Il faut dire que, depuis une dizaine d’années, s’est renforcée la conviction que la mondialisation des échanges joue un rôle déterminant dans le fonctionnement des économies nationales. Nos concitoyens se disent que, de même que la crise financière née aux États-Unis s’est propagée jusqu’en France, la globalisation des activités à l’échelle de la planète peut se traduire par des délocalisations et des destructions d’emplois sur notre territoire. L’opinion est aujourd’hui majoritairement défiante vis-à-vis de la mondialisation, alors qu’elle en percevait surtout des avantages au début des années 2000. Dans le même temps, le désir d’Europe s’est affaibli : aujourd’hui, les défenseurs d’une plus grande souveraineté nationale l’emportent sur les partisans d’une meilleure intégration. L’Euro, qui était, au moment de son introduction perçu comme un levier de croissance, est aujourd’hui jugé en partie responsable de la hausse des prix et de l’érosion du pouvoir d’achat. Certains de nos compatriotes ne croient plus que l’Euro ou l’Europe puissent être un rempart contre effets négatifs de la mondialisation.

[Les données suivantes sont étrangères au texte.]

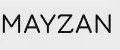 MAYZAN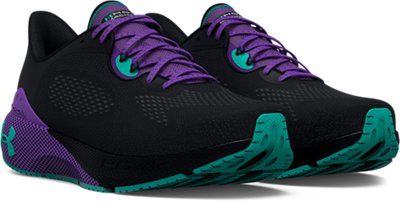 รองเท้าวิ่ง UA HOVR&trade; Machina 3 สำหรับผู้ชาย image number 3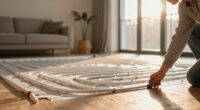 8 Best Best Radiant Floor Heating Kit Electric in 2026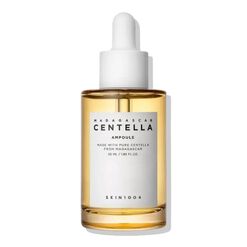 Ampoule Centella Skin1004 55Ml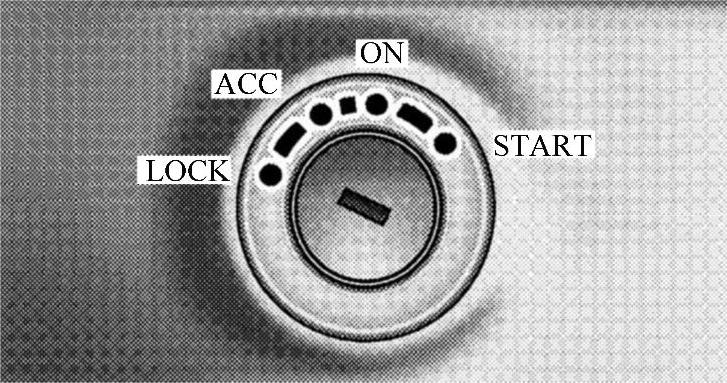 978-7-111-44175-5-Chapter36-4.jpg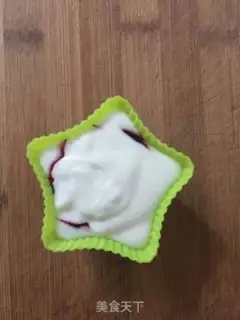 Make Aglate ice cream step 7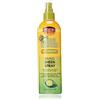 African Pride Olive Miracle Braid Sheen Spray Original Formula 355 ml/12 fl.oz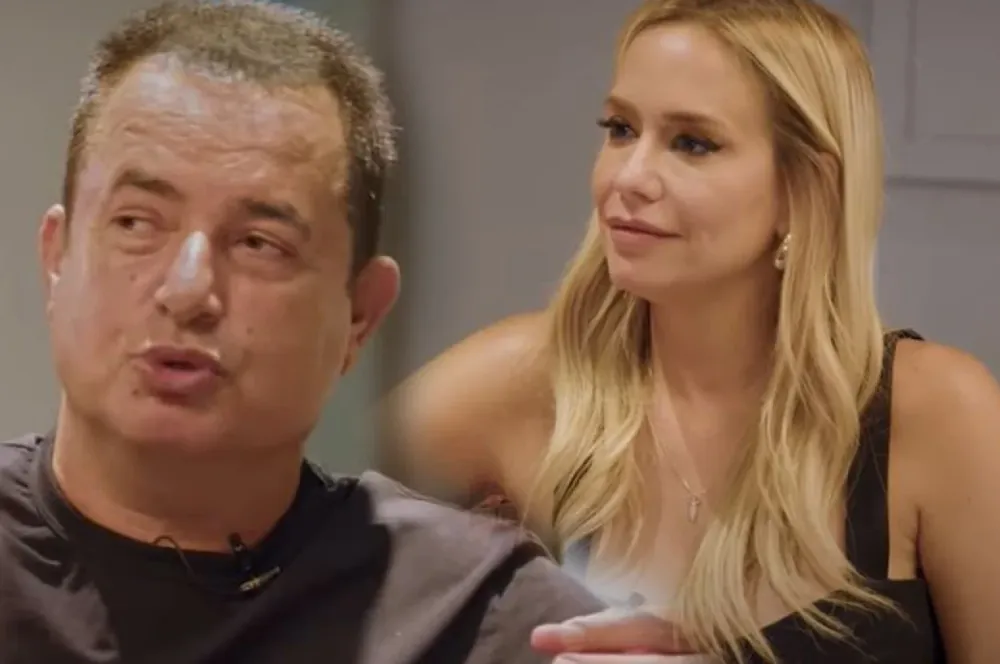 Survivor yarışmacısına nankör ve kansız dedi:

Dans ce tableau très sombre, relevons la confirmation d’un changement sociétal profond : les seniors, longtemps restés en marge du mouvement de diffusion des technologies de l’information et de la communication, s’approprient de plus en plus les nouveaux outils numériques. Ces trois dernières années, les sexagénaires, en particulier, ont quasiment rattrapé leurs cadets, à la fois en termes d’équipements, d’usages ou de représentations. Le fossé numérique générationnel semble en voie d’être comblé, au moins pour les plus jeunes de nos aînés. Cela ouvre non seulement des perspectives économiques à tous les acteurs du secteur, mais cela devra aussi conduire l’ensemble du tissu économique et social à imaginer de nouveaux services qui s’adressent à l’ensemble de nos concitoyens, toutes générations confondues.